- Brief: The answer should hold only the lines from the one containing "Splashing Feet Sticking Out of Water" through the one containing "Volunteers posing with" in the entries below, copied exactly, without pictures.

- Records provided:
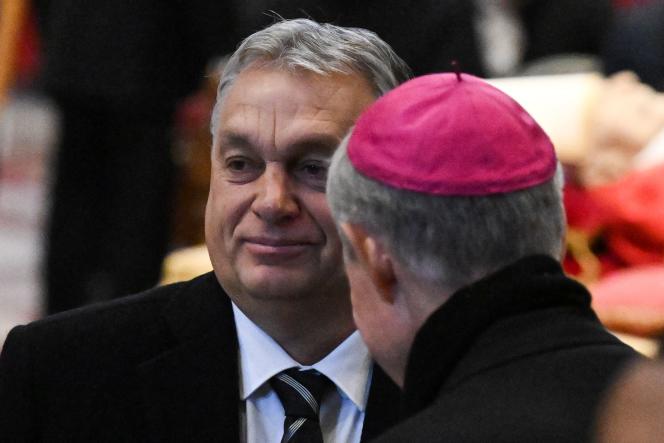 Archbishop Georg Gänswein (from the back in the photo), personal secretary to Benedict XVI, greets Hungarian Prime Minister Viktor Orban at St. Peter's Church in the Vatican on January 3, 2023.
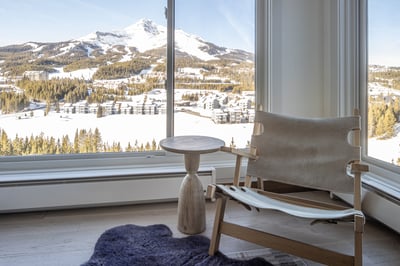 Sink into this stylish chair and savor breathtaking mountain views through floor-to-ceiling windows—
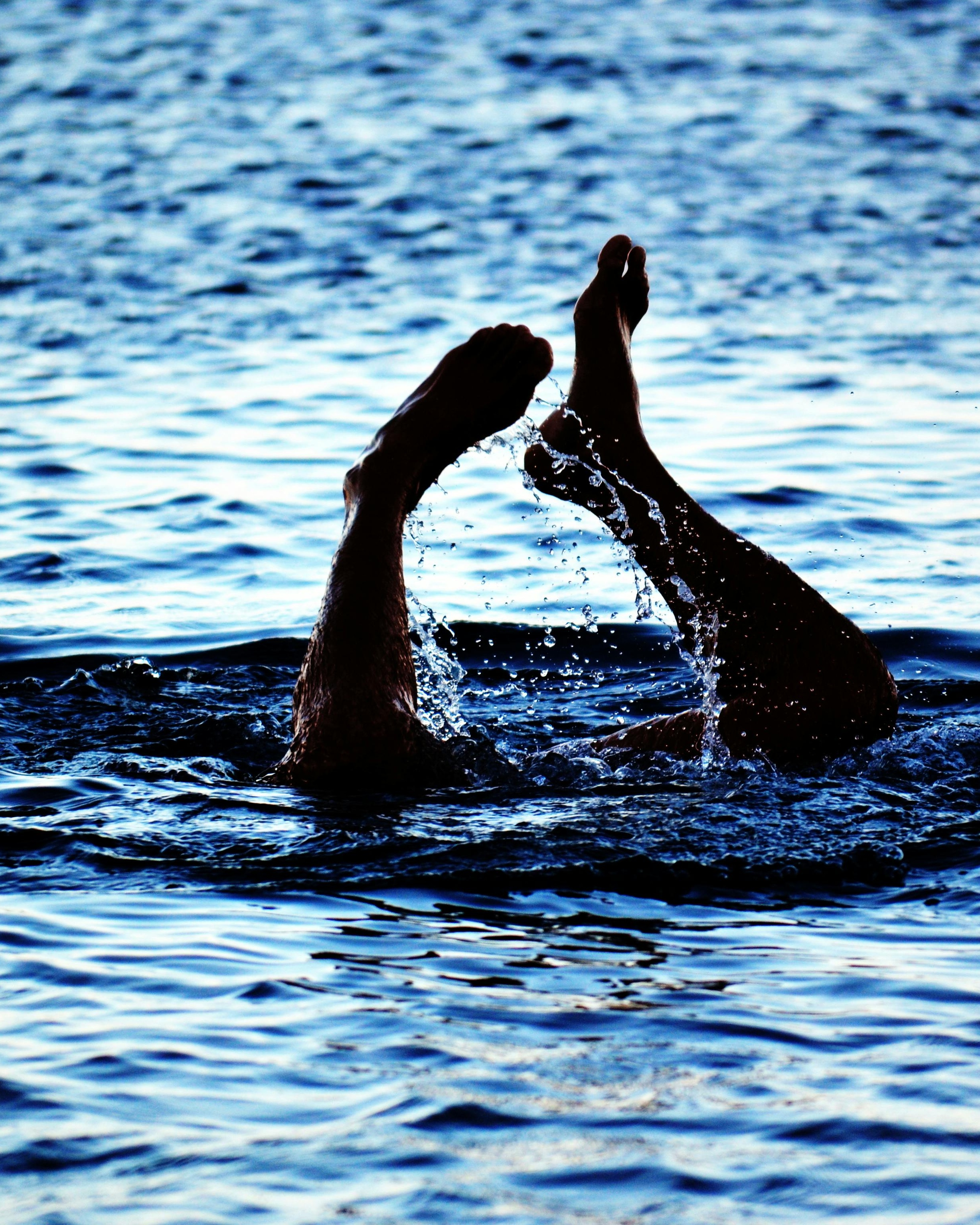 Splashing Feet Sticking Out of Water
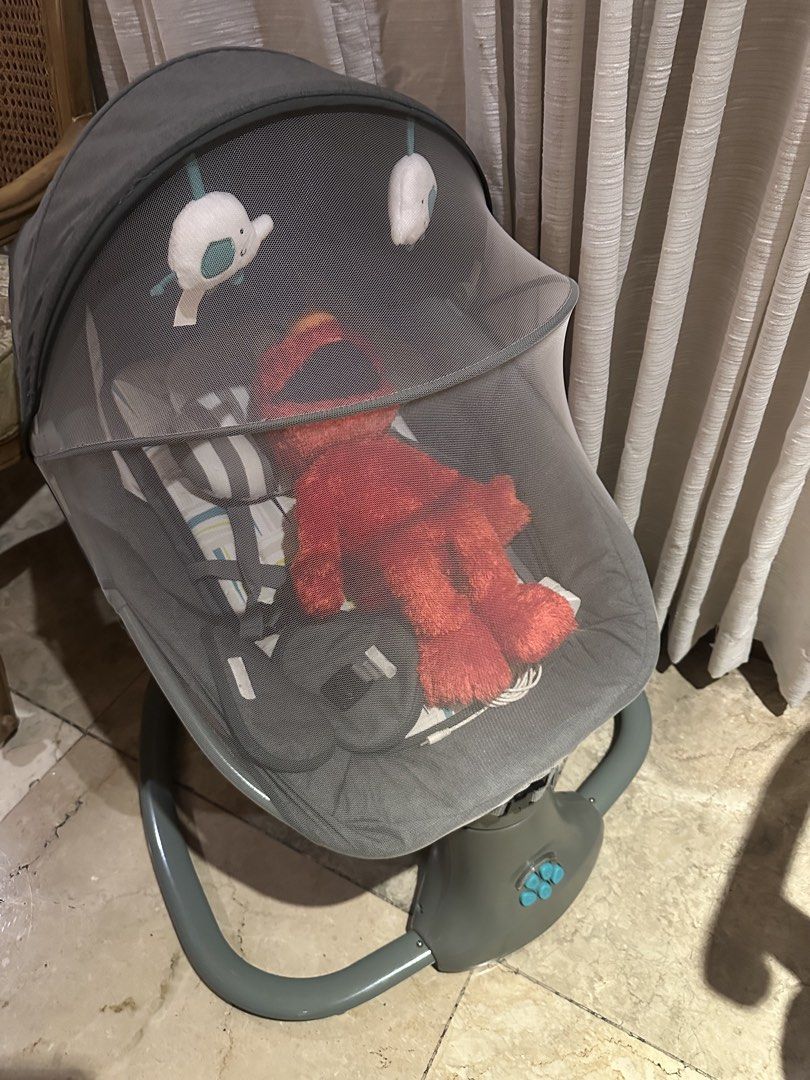 Akeeva Snuggli infant to toddler automatic snoozer swing (Category: Cots & Cribs) located in San Juan City. Submitted by smartfindsph (Listing ID 1469310415, Image 2). Description: - Brand: Akeeva Automatic Baby Rocker - Color: Grey - Condition: Clean and 100% working great - Features: Multi-speed control buttons on a sturdy base - Comfort: Soft patterned mattress pad with built-in head support - Safety: Secure harness straps included - Accessori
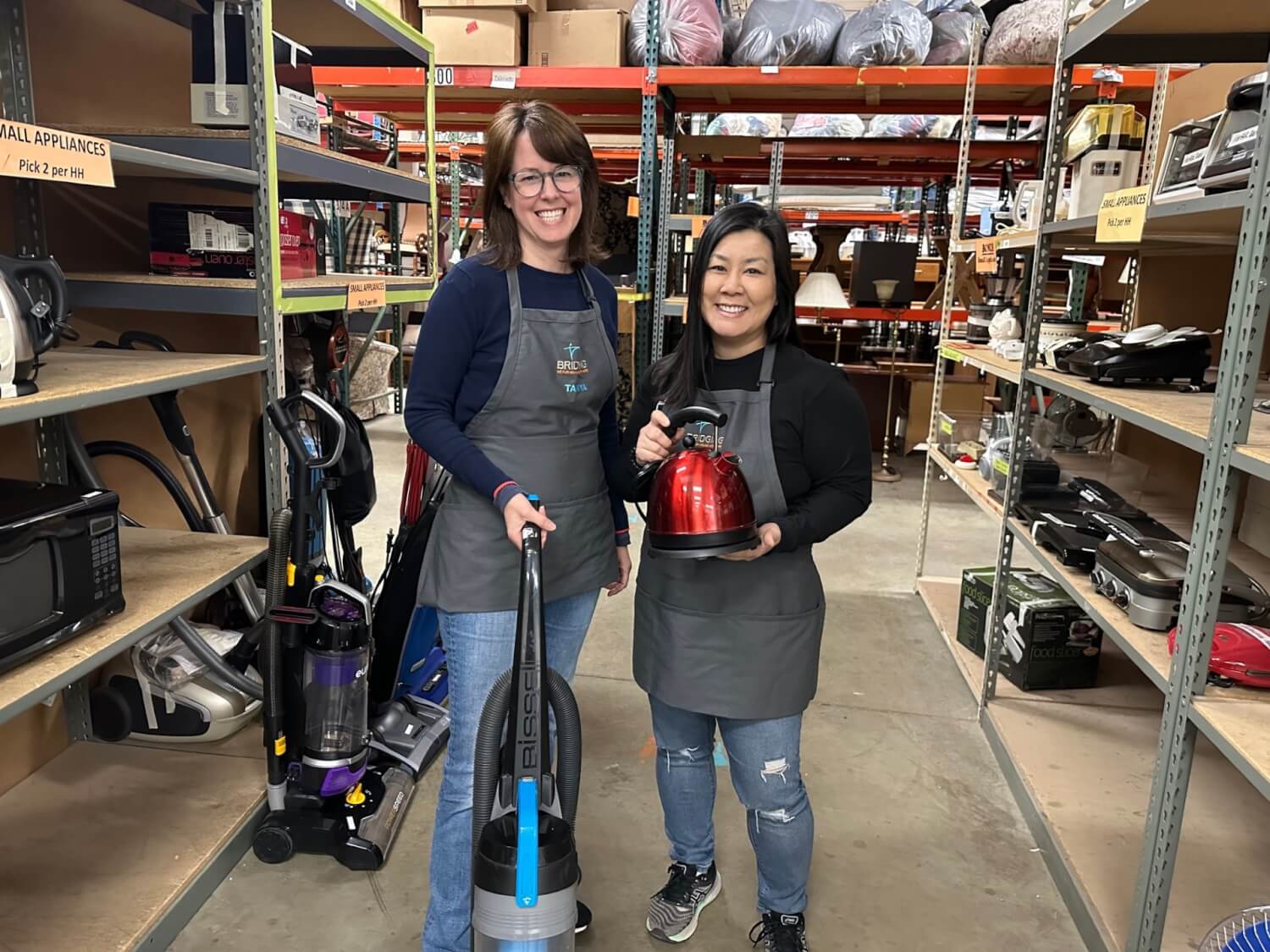 Volunteers posing with homewares in the warehouse.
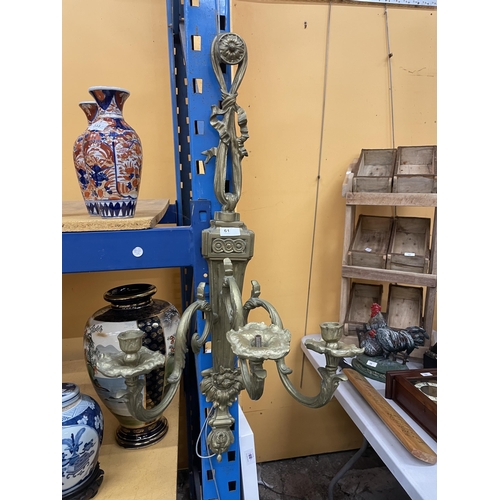 61 - A WALL MOUNTED THREE BRANCH CANDELABRA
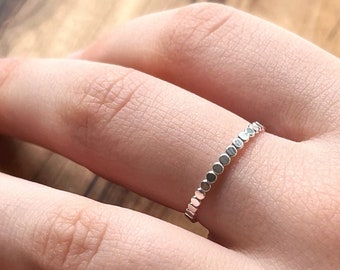 Puede incluir: Un anillo de plata con una fila de pequeñas cuentas redondas texturizadas.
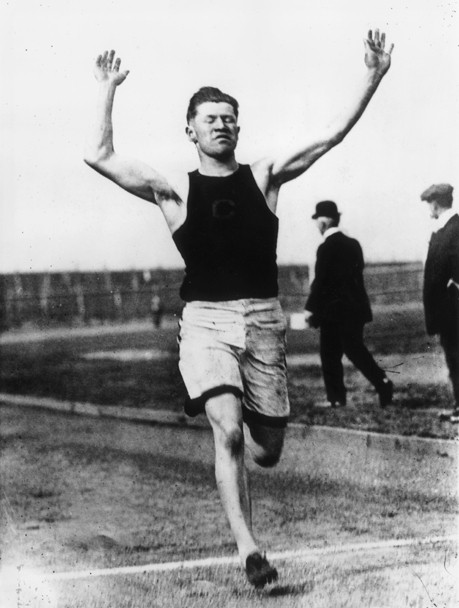 Black and white photograph of Jim Thorpe running with his hands in the air.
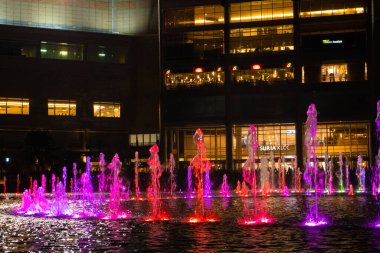 Dans eden çok renkli fıskiyelerin gece görüşü. Şarkı Söyleyen Çeşmeler Şovu. Kuala Lumpur / Malezya - 02.27.2020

- Expected output:
 Splashing Feet Sticking Out of Water
 Akeeva Snuggli infant to toddler automatic snoozer swing (Category: Cots & Cribs) located in San Juan City. Submitted by smartfindsph (Listing ID 1469310415, Image 2). Description: - Brand: Akeeva Automatic Baby Rocker - Color: Grey - Condition: Clean and 100% working great - Features: Multi-speed control buttons on a sturdy base - Comfort: Soft patterned mattress pad with built-in head support - Safety: Secure harness straps included - Accessori
 Volunteers posing with homewares in the warehouse.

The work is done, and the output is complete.